Saturday, October 31, 2009

Au revoir, Montréal

The past few days have been a whirlwind... a whirlwind of goodbyes, of things to take care of, of things to put in my suitcases. I have a new, long awaited hair cut (probably the last one in a long time, considering my fear of stylists abroad), a suitcase full of shoes (only shoes), a pocket full of yen, a one way ticket to Tokyo, and some new clothes and (more) shoes thanks to my mom, who spoiled me like a princess since I won't be home for Christmas... or my birthday.

Saying goodbye to the television world was sad. My lovely coworkers all wrote me sweet messages in a card, and both actors and the crew made a special goodbye for me right on the set... cameras, microphones, and all. Kind of embarrassing, but so nice. I realized the crew is like a big family for me, and the temptation is strong to dip my toes into the television world again, maybe after Japan. But we'll see. One thing at a time.

More packing to do, more friends to see, more decisions to make (which shoes to bring). I'm so incredibly excited for this next step, even though departures are always bittersweet. I will miss Montreal, even though my short in-between stint left me with a bit of a sour taste. But, I'm leaving Montreal with a happy heart, lovely friends, and a stomach full of delicious farewell brunches and champagne.

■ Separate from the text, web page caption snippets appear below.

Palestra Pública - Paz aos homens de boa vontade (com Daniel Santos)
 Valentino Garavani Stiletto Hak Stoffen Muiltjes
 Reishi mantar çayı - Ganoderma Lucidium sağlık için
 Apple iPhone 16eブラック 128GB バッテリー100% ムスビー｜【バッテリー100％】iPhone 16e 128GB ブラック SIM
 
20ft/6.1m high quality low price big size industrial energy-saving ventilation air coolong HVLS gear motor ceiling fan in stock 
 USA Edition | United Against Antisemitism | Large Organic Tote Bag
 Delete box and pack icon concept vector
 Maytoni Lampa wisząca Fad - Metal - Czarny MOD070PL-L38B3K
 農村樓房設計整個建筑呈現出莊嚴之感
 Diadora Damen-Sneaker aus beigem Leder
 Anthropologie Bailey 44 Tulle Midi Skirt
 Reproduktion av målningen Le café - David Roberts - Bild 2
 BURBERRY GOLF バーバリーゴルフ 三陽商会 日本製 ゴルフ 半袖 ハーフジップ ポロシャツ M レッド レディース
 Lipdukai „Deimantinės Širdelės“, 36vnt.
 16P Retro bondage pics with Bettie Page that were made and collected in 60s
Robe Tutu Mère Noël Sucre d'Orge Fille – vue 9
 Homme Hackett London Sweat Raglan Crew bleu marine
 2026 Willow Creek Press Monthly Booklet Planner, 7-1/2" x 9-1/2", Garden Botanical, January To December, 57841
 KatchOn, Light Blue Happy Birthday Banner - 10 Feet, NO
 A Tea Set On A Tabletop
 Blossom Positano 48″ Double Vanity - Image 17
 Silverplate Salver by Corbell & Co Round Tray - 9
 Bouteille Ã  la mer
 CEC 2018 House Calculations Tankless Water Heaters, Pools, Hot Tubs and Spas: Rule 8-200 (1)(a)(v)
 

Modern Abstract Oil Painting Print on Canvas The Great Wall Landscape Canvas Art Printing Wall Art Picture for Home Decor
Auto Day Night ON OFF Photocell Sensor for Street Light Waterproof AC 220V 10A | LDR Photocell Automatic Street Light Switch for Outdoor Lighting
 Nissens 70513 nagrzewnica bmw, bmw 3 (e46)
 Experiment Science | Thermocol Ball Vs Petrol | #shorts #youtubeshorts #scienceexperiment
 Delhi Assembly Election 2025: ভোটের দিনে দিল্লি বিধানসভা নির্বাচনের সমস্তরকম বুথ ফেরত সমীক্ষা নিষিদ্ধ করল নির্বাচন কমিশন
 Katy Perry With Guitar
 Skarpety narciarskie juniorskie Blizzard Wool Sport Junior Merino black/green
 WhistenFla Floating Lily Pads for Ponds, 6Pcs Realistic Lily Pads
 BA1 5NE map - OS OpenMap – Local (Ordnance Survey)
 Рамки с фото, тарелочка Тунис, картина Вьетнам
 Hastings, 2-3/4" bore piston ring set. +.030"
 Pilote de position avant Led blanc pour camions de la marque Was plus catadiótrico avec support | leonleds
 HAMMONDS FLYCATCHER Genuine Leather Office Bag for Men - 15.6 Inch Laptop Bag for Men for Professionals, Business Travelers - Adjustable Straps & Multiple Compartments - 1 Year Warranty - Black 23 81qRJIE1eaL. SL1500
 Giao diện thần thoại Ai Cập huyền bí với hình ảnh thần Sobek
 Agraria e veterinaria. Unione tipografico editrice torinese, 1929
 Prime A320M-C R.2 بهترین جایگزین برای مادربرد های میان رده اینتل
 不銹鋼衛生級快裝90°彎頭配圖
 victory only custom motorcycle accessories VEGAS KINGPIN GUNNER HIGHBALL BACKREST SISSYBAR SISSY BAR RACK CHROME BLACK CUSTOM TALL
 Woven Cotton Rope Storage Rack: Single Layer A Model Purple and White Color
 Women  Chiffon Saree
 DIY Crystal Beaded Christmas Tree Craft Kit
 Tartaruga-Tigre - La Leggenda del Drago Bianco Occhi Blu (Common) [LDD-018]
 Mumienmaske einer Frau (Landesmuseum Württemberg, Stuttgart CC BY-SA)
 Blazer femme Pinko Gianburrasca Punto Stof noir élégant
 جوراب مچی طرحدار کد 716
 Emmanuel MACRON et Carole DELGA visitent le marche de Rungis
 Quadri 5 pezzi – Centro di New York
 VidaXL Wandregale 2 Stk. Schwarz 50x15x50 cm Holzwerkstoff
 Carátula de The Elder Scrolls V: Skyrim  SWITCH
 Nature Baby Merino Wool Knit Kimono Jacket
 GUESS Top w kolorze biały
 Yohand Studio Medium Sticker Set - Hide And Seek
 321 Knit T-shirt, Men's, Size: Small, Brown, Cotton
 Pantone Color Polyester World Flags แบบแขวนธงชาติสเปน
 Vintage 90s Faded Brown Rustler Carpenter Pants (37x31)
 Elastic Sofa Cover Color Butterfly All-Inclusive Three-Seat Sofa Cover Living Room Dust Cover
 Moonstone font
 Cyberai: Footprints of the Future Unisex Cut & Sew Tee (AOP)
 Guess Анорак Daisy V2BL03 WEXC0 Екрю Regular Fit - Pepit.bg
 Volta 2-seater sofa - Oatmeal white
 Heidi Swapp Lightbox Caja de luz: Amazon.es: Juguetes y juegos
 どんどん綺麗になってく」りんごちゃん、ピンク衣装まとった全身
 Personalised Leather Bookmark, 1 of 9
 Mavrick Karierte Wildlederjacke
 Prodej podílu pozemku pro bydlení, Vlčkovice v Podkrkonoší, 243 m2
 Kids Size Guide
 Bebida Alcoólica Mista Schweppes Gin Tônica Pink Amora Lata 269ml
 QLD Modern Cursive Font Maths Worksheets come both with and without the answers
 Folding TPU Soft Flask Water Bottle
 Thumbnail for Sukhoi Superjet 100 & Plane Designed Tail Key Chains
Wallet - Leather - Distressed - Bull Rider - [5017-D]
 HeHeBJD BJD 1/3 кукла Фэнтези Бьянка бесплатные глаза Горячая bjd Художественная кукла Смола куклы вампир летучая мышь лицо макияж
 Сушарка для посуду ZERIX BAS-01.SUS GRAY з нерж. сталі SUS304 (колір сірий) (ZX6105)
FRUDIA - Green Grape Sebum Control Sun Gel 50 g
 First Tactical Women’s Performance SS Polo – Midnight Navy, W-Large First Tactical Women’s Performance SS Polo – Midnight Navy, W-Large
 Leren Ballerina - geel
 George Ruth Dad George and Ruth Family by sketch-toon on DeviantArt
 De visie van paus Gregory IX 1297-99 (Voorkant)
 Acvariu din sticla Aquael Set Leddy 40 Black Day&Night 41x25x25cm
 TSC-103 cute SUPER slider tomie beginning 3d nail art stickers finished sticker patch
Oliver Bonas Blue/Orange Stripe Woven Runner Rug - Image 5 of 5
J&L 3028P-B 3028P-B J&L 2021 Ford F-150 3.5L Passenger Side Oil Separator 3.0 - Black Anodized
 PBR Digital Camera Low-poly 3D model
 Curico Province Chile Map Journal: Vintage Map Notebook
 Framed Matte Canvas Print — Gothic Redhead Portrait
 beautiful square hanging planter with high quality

{Haircut. Zara wool jacket}



{Party ensemble. Sky high heels, and little black dress. Thanks mom for the shoes! She was worried about my walk.}


{My farewell card from work}

Monday, October 26, 2009

Before I go...

Many readers (okay, okay, a few) have been inquiring about the whole finding a job abroad process, as well as living in Asia. I'm not sure I ever gave clear answers, but I'd like to make a post with information about it all: teaching abroad, the ESL world, being a foreigner, culture shock, what to do with your apartment or boyfriend... anything you want! Ask away!! Email me or post in the comment section.

Right now, I'm avoiding packing at all costs...

Hello Kitty Hell

I think the cat is cute, but this is pure overload. This one goes out to my friend Annie, she hates the cat with a passion. Welcome home!

Hello Kitty sushi



Hello Kitty wedding dress. Fluffy. Not my dream dress.


Hello Kitty house.


Hello Kitty hair salon. What kind of haircut do they give you?


Hello Kitty bar.



Hello Kitty cat costume. I'm sure the cat loves it.


Hello Kitty airplane. Whaat? Oh, and the food they serve you.



My future boyfriend. Um, no.


Image 1/Image 2/ Images 3-4-5-6-10/Image 7/Images 8-9


Hope living in Japan does not turn me into some kind of Hello Kitty freak. But I have a new favourite website to kill time, and to avoid doing anything productive or related to my departure.

Thursday, October 22, 2009

Thirteen days to go

Thirteen days to go.

Thirteen days until Japan. Until a month-long stay in Nagoya, where I'll get a two-week training, and some vacation time before starting my position in December. Some fellow teachers posted pictures of the Nagoya training accomodations, and it looks nice. My possible city is also a ferry ride away from the beautiful Kobe, so I'm dreaming about fun weekend trips. Not really prepared about what's awaiting me, but excited nonetheless.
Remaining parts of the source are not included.